Frankincense was also a valuable substance like myrrh and gold, so also praised the Christ Child's Kingship. It was a sweet smelling incense, signifying prayer, sacrifice, and Jesus' divinity. To symbolize Frankincense, we'll add a sweet smelling candle to our Epiphany tablescape.

Other Fun Things To Do:

* We'll read about the symbolism of the gifts and then we'll read our copy of The Story of the Three Kings. And if I can get it at the library, we'll watch The Fourth Wise Man (which is also a wonderful short story to read aloud!)
* Make crowns to wear in honor of the Three Kings, fancy , fancydancy, or simple, depending on how much time we have.



* Make Potpourri Sachets in honor of the Gifts of the Magi
This requires a little bit of preparation, and we haven't been quite on-the-ball enough (Not Even.) to get the supplies in time this year. But, I'm making a note to myself for next year.

You can purchase Frankinsense "tears" from herbal suppliers (like Mountain Rose herbals) and in apothecary supply stores that can be found in most moderate-size cities (This is one we have in the Denver area, for instance).

"The three wise men, Gaspar, Melchior, and Balthazar, kneeled at the crib of the baby Jesus bearing gifts. Recreate the gifts of the Magi in a potpourri filled with simple symbolism. You’ll need to make or purchase small sachet bags. The Magi were elegant and wealthy, so make the sachet bags of fine satin, rich brocade or tapestry in regal colors. Tie closed with gold cord. The potpourri follows:

1. Frankincense tears – a resin that flows in drops from trees in Yemen, East Africa, and the Red Sea Countries. Balthazar offered his gift of frankincense, often used in religious ceremonies and symbolized prayer and sacrifice.
2. Myrrh – an aromatic gum, myrrh was believed to strengthen children. The wise man, Melchior brought the baby Jesus the gift of myrrh.
3. Gold – use gold glitter stars to represent the gift of gold that Caspar offered to the babe in the manger as well as the star of Bethlehem that they followed to find the manger.

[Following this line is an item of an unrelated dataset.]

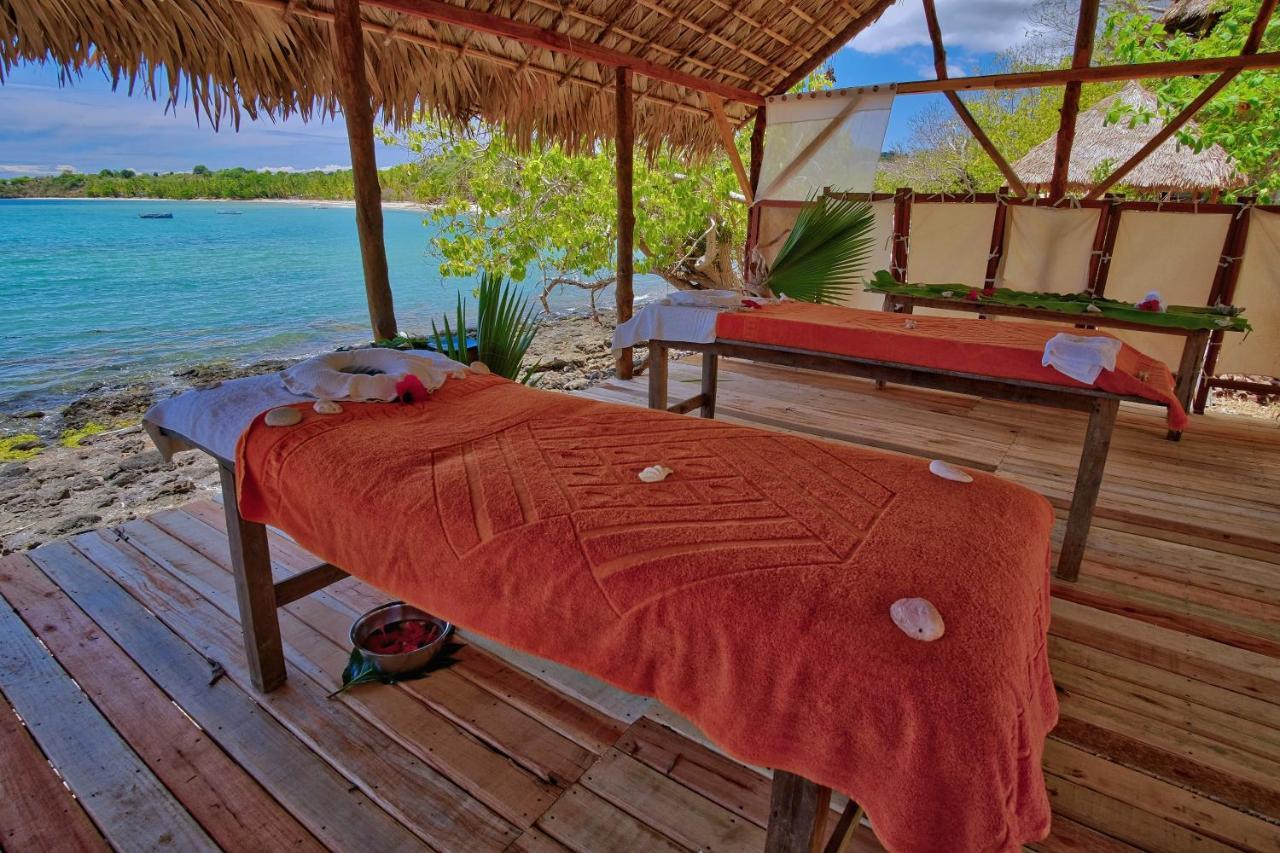 Sangany Lodge Befotaka Bay Exteriör bild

Place the gold, frankincense, and myrrh in the beautiful sachet bags, and offer as gifts to holiday visitors. Open to release the luxurious fragrances of exotic lands. "
The Finish
Now the Christmas season is almost over. Almost.
We still have until the octave of the Epiphany for the official closing of the Christmas chapter for this year. And the Church continues to observe Jesus' Holy Childhood until the Feast of the Purification ~ Candlemas Day ~ on February 2nd. Since we worked up to Christmas day, building our Nativity and decorating our house bit by bit, we'll take it all down gradually, too. The day after the Epiphany is when that fun begins for us. Doing it a bit at a time makes it a little less daunting a task. We'll likely take down our felt Christmas village first and all the outer trappings, ending up with the dismantling of the the Nativity Scene. Lots more fun putting that up than taking it down! But, we'll serve hot chocolate on the last day and choose a movie to watch to brighten the melancholy.
And, then we'll start thinking of Lent and Easter.

3 comments:

GrandmaK said...

This was great and most informative,too. We never did the Blessed chalk. Daddy would just bless the rooms with Holy Water and mark over the front door with Holy Water in lieu of Holy Oils, Cathy

Aubrey said...

Sorry--this has nothing to do with the Epiphany, but your header pictures always take my breath away! This one made my jaw drop; it's beautiful! :)

SuzyQ said...

Wow! The beautiful way you teach your children about the feasts and days of the church inspire me so much!
It's really wonderful. You give me so many ideas! Thanks for sharing this.